*Description of the task*.
Begin at the line containing "Park Inn By" in the entries below and end at the line containing "7婆串串香产品 门店图片"; transcribe that range exactly and nothing outside it.

*Provided material*.
>>>>

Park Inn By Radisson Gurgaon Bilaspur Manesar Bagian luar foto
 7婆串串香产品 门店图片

<<<<
>>>>

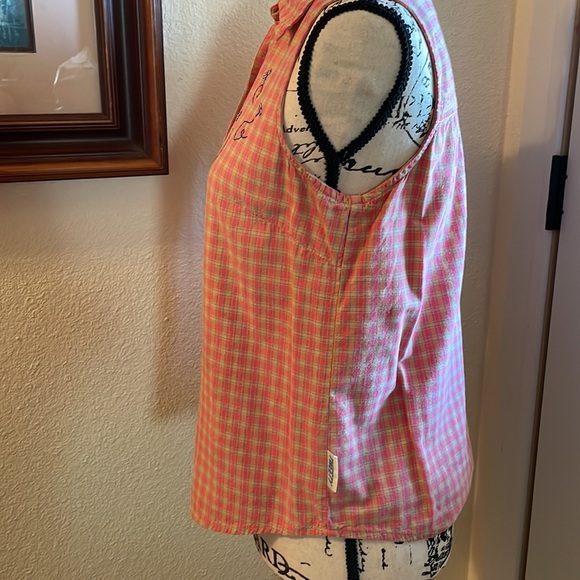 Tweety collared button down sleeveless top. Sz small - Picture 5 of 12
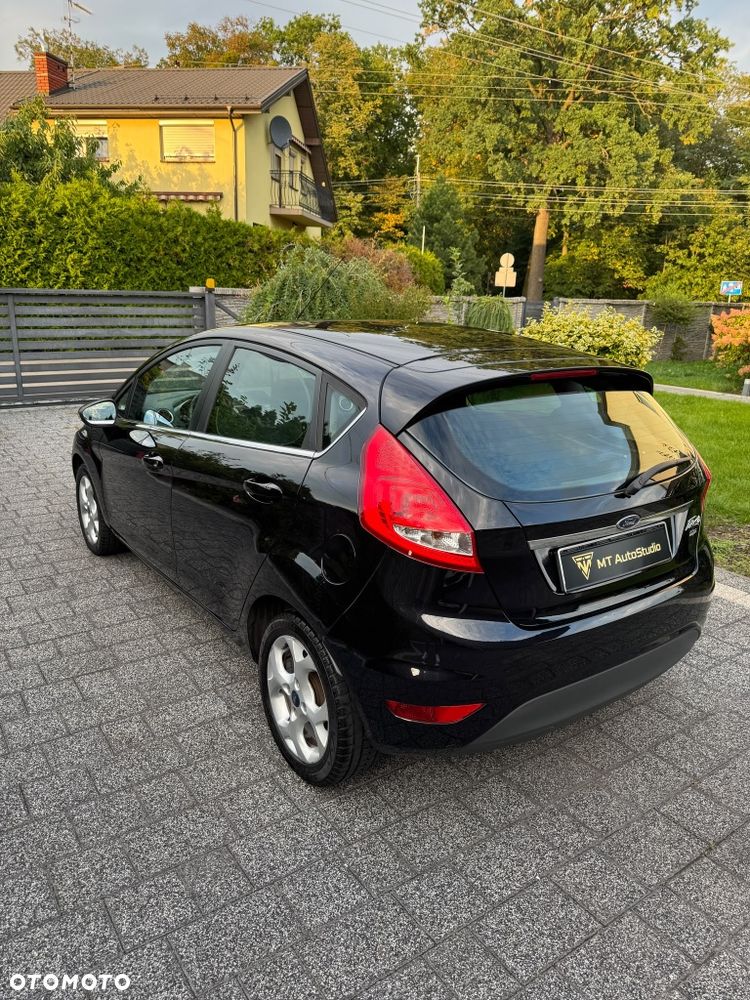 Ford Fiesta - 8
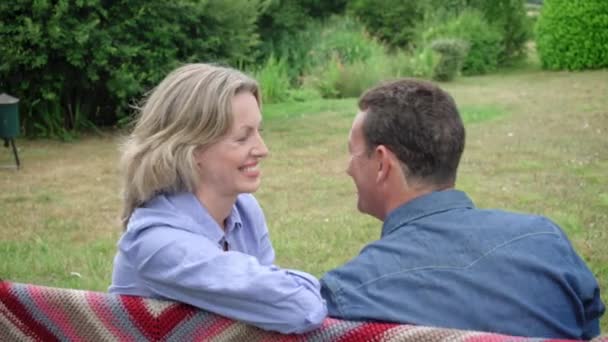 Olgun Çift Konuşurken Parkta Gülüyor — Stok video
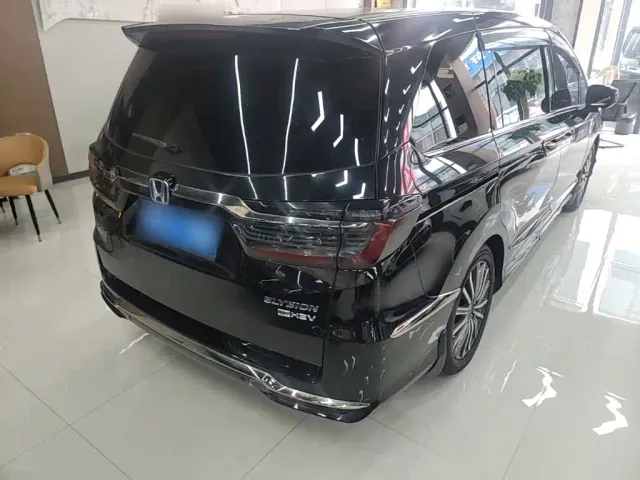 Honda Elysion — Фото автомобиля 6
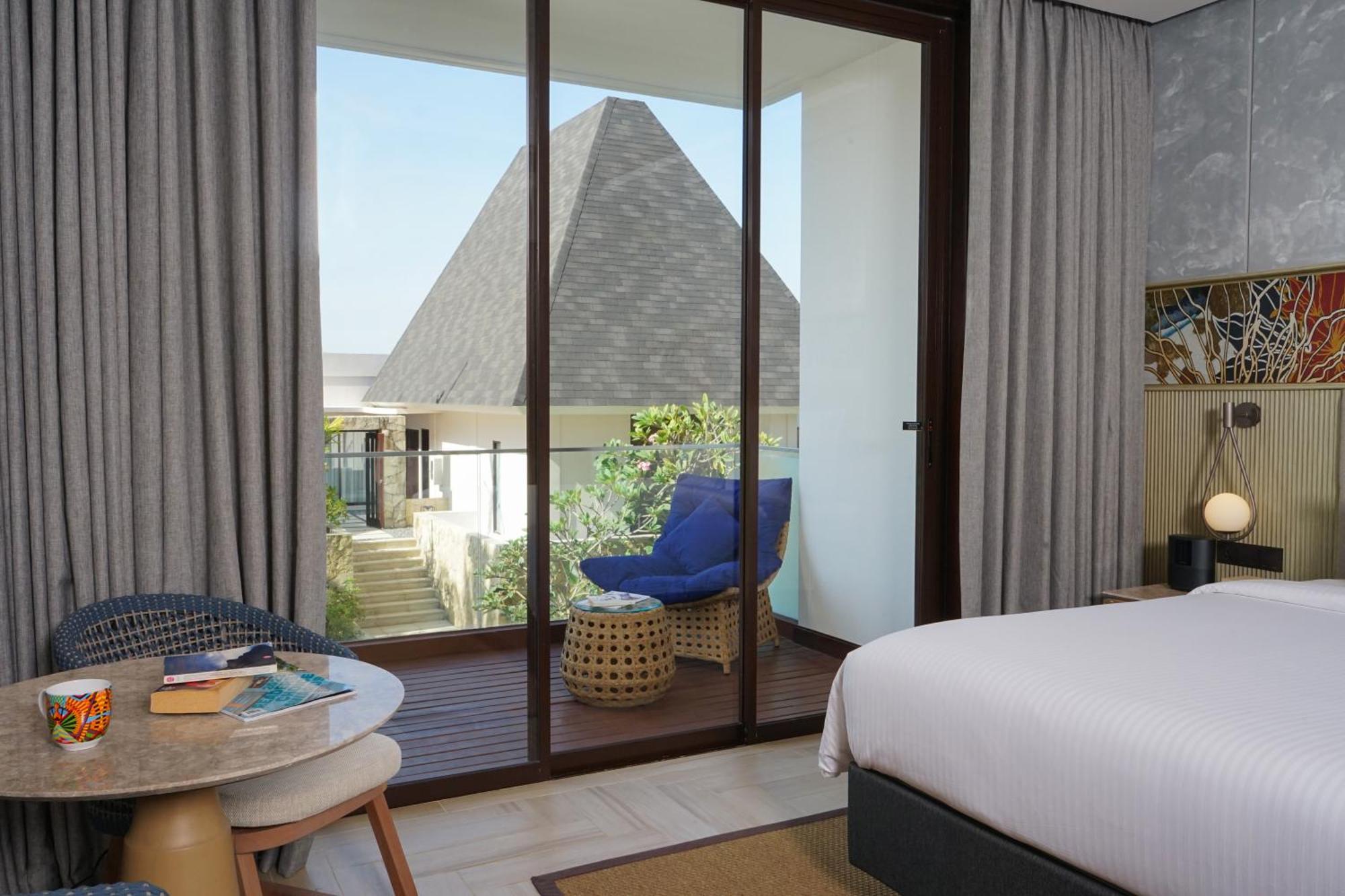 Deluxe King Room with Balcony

<<<<

*Task response*.
Park Inn By Radisson Gurgaon Bilaspur Manesar Bagian luar foto
 7婆串串香产品 门店图片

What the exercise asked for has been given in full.